Mapping a mission of mercy

Mapping a mission of mercy Cardinal Vincent Nichols of Westminster, England. Photo: CNS
Westminster’s Cardinal Vincent Nichols tells Martin O’Brien about Pope Francis’ programme to reform the Church

Cardinal Vincent Nichols, Archbishop of Westminster and president of the Bishops’ Conference of England and Wales, is the foremost Catholic Church leader in these islands, one of the Pope’s principal advisors in the appointment of bishops and a major figure on the European ecclesiastical stage.

So, it was quite a coup for St Brigid’s parish in south Belfast to have the pleasure of his company to deliver the annual St Brigid’s lecture, now established as one of the highlights of the church calendar.

During a wide-ranging exclusive interview with The Irish Catholic, in the lecture – a reflection on the Year of Mercy – and in a subsequent question-and-answer session the cardinal delivered a compelling exegesis on the spirituality of Pope Francis and his programme for radical reform that is, he points out, in keeping with the tradition of the Church down the centuries.
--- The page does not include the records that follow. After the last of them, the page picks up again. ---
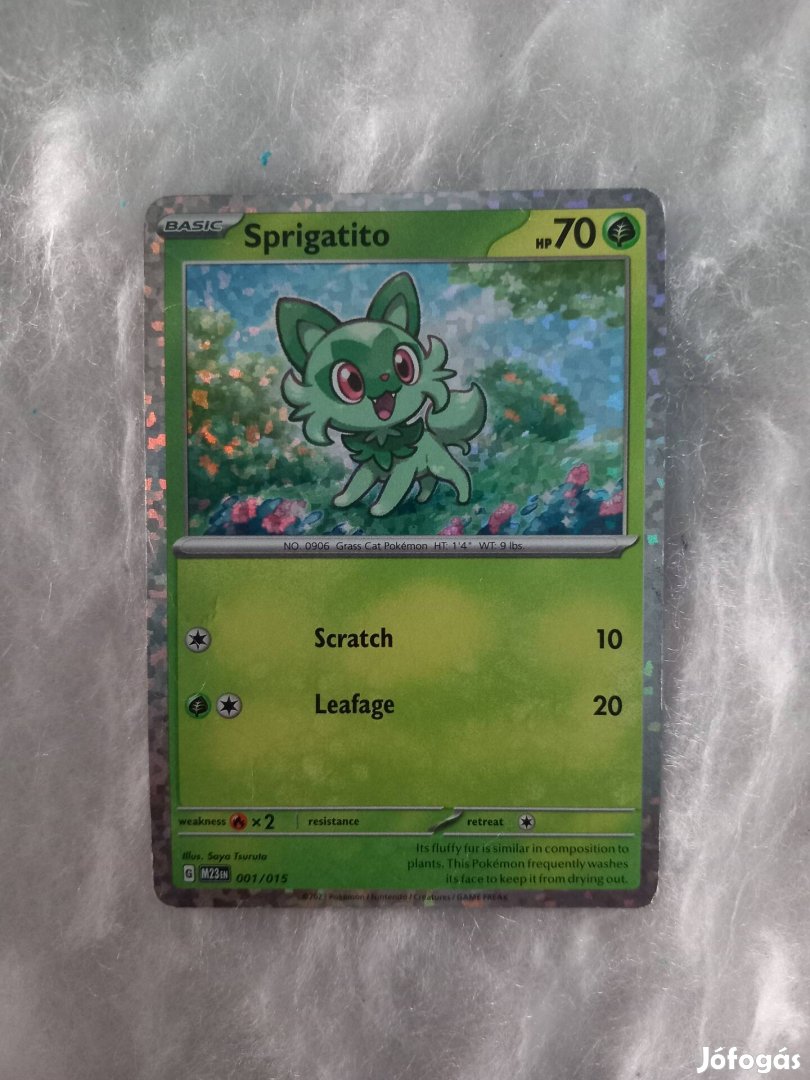 Csillogó Sprigatito Pokémon kártya
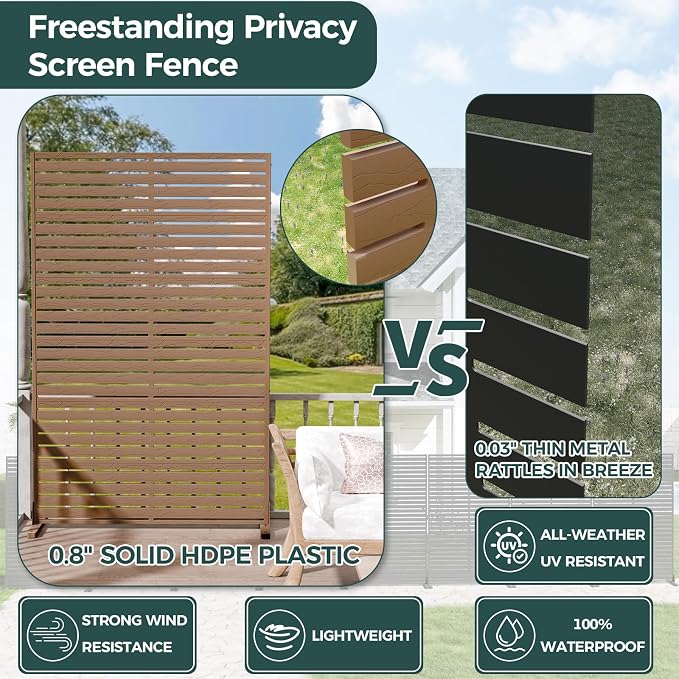 Privacy Screen Outdoor 72" Freestanding Privacy Panel with Stand, HDPE Decorative Privacy Fence with Louver Pattern, Patio Divider Screen, Privacy Screens for Outside, Balcony, Brown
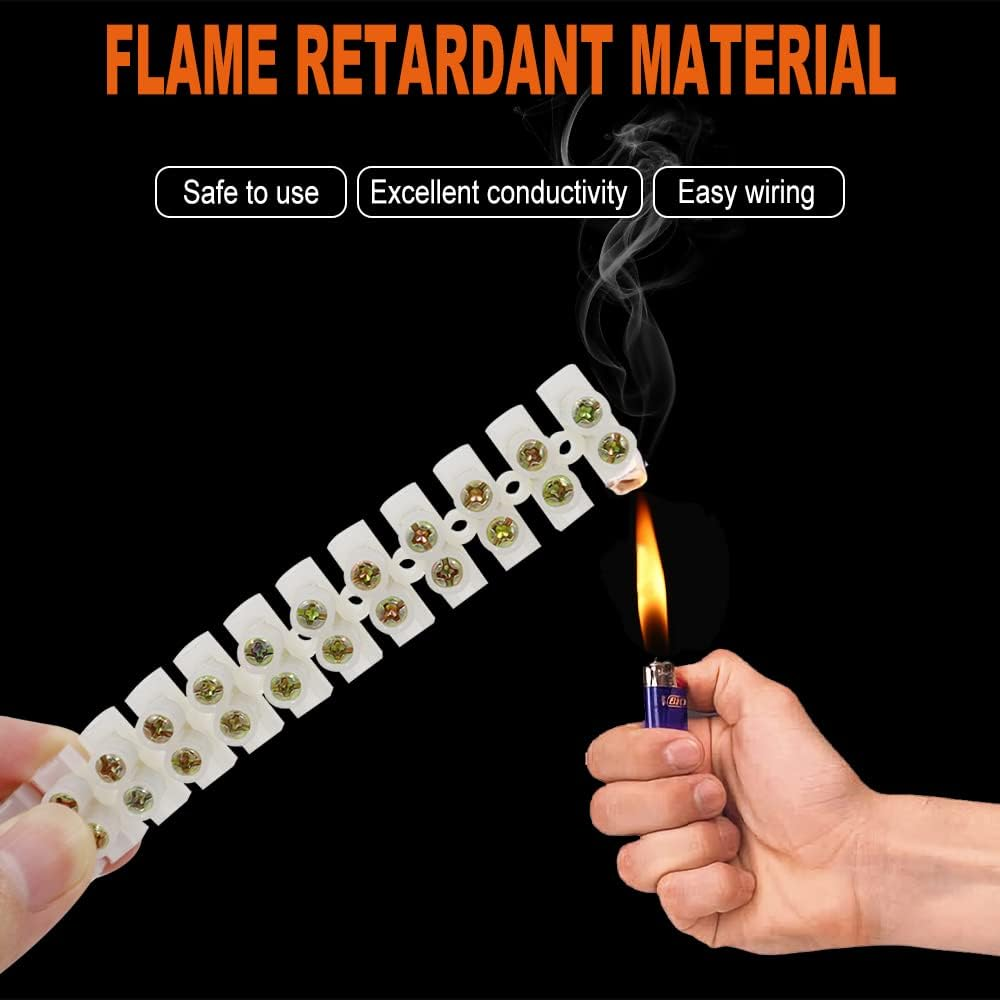 10 Pcs 12 Position Dual Row Terminal Strip, Electrical Barrier Wire Connector Block, Screw Terminal Barrier Block,Euro-Style Terminal Block Barrier Strip, Nylon Terminal Barrier Block (20A) image number 1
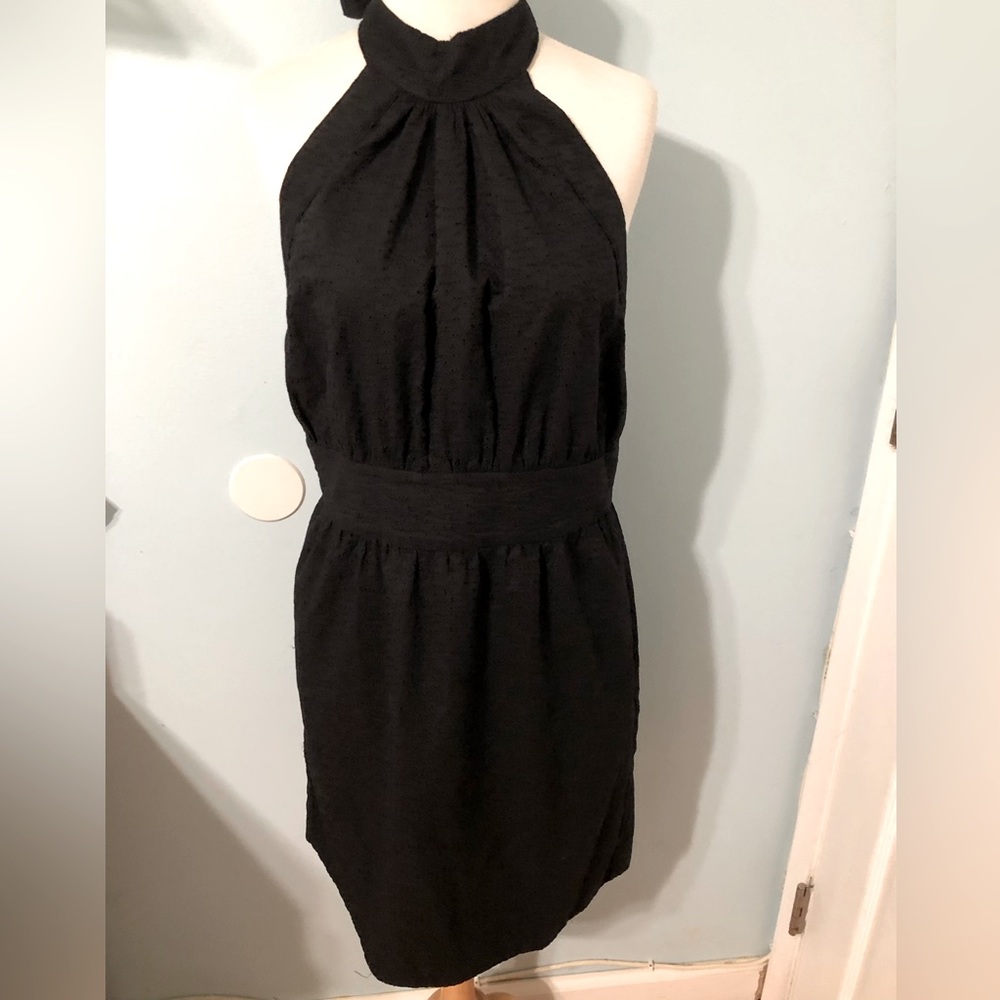 Betsey Johnson Black Eyelet Floral Halter Dress Size 10
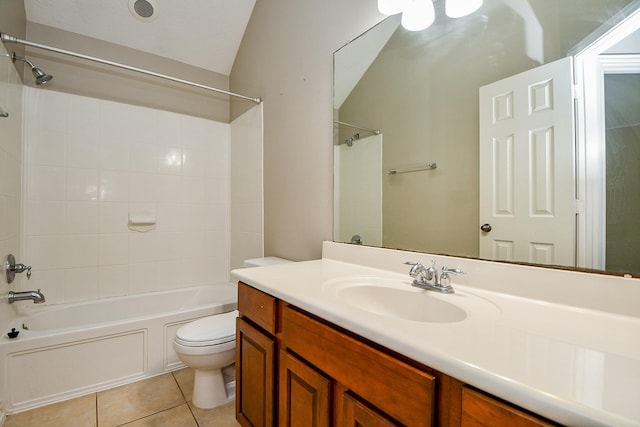 2627 Old River Ln, Richmond, TX 77406 - full bathroom with toilet, shower / bath combination, tile patterned flooring, vanity, and lofted ceiling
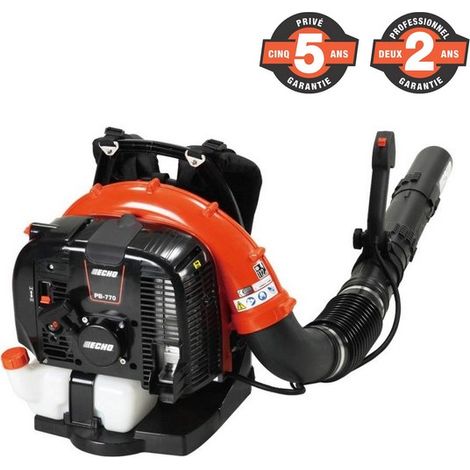 Echo – Souffleur thermique à dos PB770 – Cylindrée 63.3 cm³ – Débit d'air 1400 m³/h – Poids 10.8 kg pour travaux intensifs
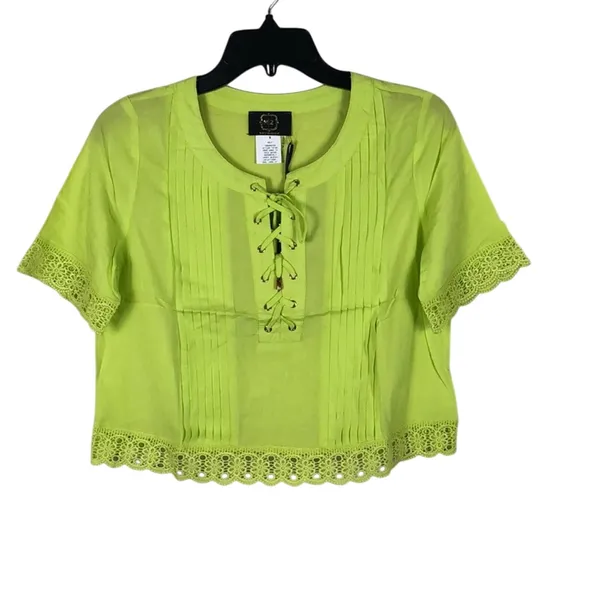 Neon Green Yellow Lace Up Cropped Top Lace Trim Pleated Blouse Size Small - Image 3
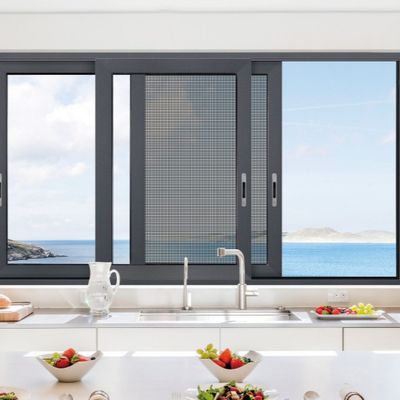 Large Modern Internal Lockable Accordion Porta in vetro scorrevole nera Porta in vetro doppia personalizzata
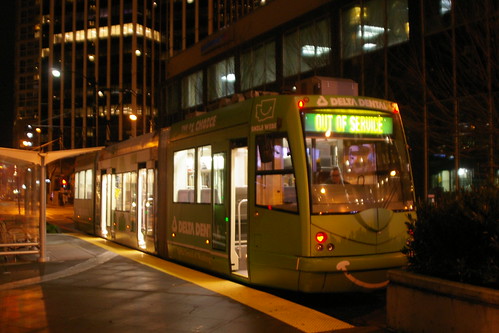 King County Metro Streetcar in Westlake Hub, Seattle, Washington, United States /Dec 28, 2014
Throughout, the cardinal quoted liberally from the Pope’s Amoris Laetitia (The Joy of Love), the apostolic exhortation that followed the Synod on the Family, the apostolic letter Misericordia et Misera, issued in November at the close of the Year of Mercy and Evangelii Gaudium (The Joy of the Gospel), the apostolic exhortation that has been described as the programme of this papacy.

Culture of encounter

Cardinal Nichols told the audience of several hundred, including Bishop Noel Treanor of Down and Connor, Bishop emeritus Patrick Walsh and Auxiliary Bishop emeritus Anthony Farquhar, that the Pope wanted to generate “a culture of mercy” and “a culture of encounter” in a Church of “missionary disciples” that would lead people ultimately to the Father in Heaven, taking great care “never to demean the smallest of steps along the way”.

He said “the two words ‘accompaniment’ and ‘discernment’ were at the heart of the Holy Father’s drive to see the Church become a place of mercy and salvation.”

“[Those two words] are central to Amoris Laetitia; they are central to the Year of Mercy and he has made them central to the next Synod of Bishops on ‘Youth, Faith and Vocational Discernment’, by which is meant the task of helping youngsters to see the way in which the call of the Gospel is to take concrete expression and shape their lives.”

The cardinal said: “Pope Francis says that the whole point of the Church is to bring us to the Father. He said this is God’s entire project working through creation and redemption and through every moment in the life of each human being.

“In a wonderful phrase, Pope Francis describes this world as ‘God’s construction site’.  That is that God is trying to build in the lives of every one of us a pathway by which we reach Our Father’s home.”

Drawing from Evangelii Gaudium, the cardinal focussed on two axioms which are, he said, at the heart of the Pope’s vision for reform and renewal within the Church and within ourselves.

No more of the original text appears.